Os requisitos do PPR da área local devem ser aplicados às áreas de manutenção e atividades de manutenção nas áreas de processo. A equipe de manutenção deve ser treinada em segurança de alimentos e perigos associados às suas atividades. Para equipamentos de processamento de alimentos, os requisitos de construção e projeto são especificados na NBR ISO 14159.

O fornecimento de água deve ser provido com pressão e temperatura adequadas, assim como instalações adequadas para armazenamento. As instalações de armazenamento de água devem ser limpas e monitoradas periodicamente. Quando água de poço particular ou água de fonte privada for utilizada para produzir água potável, dispositivos de desinfecção e/ou dispositivos de purificação de água devem ser estabelecidos. Apenas água potável deve ser utilizada.

Os registros de controles devem ser retidos e somente água potável de qualidade deve ser utilizada no empreendimento alimentício. O vapor utilizado em contato direto com alimentos ou superfícies de contato com alimentos deve ser produzido com água potável. O gelo usado em contato direto com alimentos ou superfícies de contato com alimentos deve ser feito de água potável e ser transportado, manuseado e armazenado de maneira que seja protegido de contaminações.

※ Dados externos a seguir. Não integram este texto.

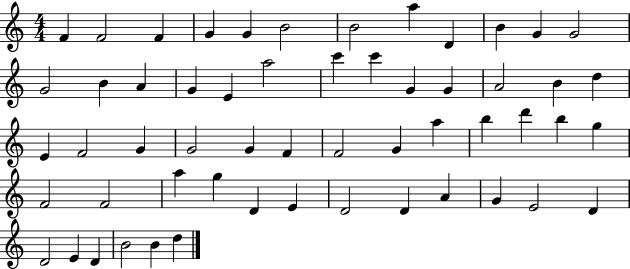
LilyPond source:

As instalações utilizadas para produzir e armazenar o gelo devem ser capazes de prevenir a contaminação e devem ser limpas, desinfetadas e mantidas de acordo com as instruções do fabricante. Devem ser estabelecidos mecanismos para confirmar a qualidade microbiológica do gelo, seja ele comprado ou feito no local. Toda água não potável utilizada na refrigeração, produção de vapor, controle de incêndio, diluição de derramamento ou outra atividade similar, deve ser conduzida por tubulações adequadas separadamente daquelas que conduzem água potável, sem nenhuma conexão transversal entre elas ou possibilidade de que a água não potável escoe em tubulação de água potável. Estas tubulações devem ser claramente identificadas, preferencialmente com padronização de cores, por exemplo, de acordo com a ISO 14726.

Os equipamentos e utensílios devem ser feitos de materiais impermeáveis e resistentes à corrosão, de modo que não transfiram substâncias tóxicas, odor e sabor aos alimentos. Os equipamentos e utensílios devem ser capazes de suportar operações frequentes de limpeza e desinfecção, devem ser lisos e livres de buracos, fendas ou rachaduras. Convém que equipamentos portáteis, por exemplo, colheres, batedores, tachos e panelas, sejam protegidos de contaminações.

Todos os equipamentos devem ser projetados e construídos a fim de assegurar condições gerais de higiene e suas superfícies devem ser fáceis de limpar e desinfetar. Os equipamentos no serviço de alimentação devem ser submetidos a programas de manutenção incluindo a calibração de instrumentos de medição como termômetros e dispositivos que registram temperatura. Devem ser mantidos registros destes controles e identificação dos equipamentos e utensílios de acordo com as suas especificações.

Convém que a responsabilidade por assegurar o compliance de todas as pessoas com os requisitos de higiene pessoal seja destinada especificamente para a equipe de supervisão. Visitantes, por exemplo, fiscais, clientes e equipes de manutenção, devem ter acesso restrito às áreas de manipulação de alimentos. Estes visitantes devem utilizar roupas de proteção e cumprir os requisitos de segurança de alimentos do serviço de alimentação.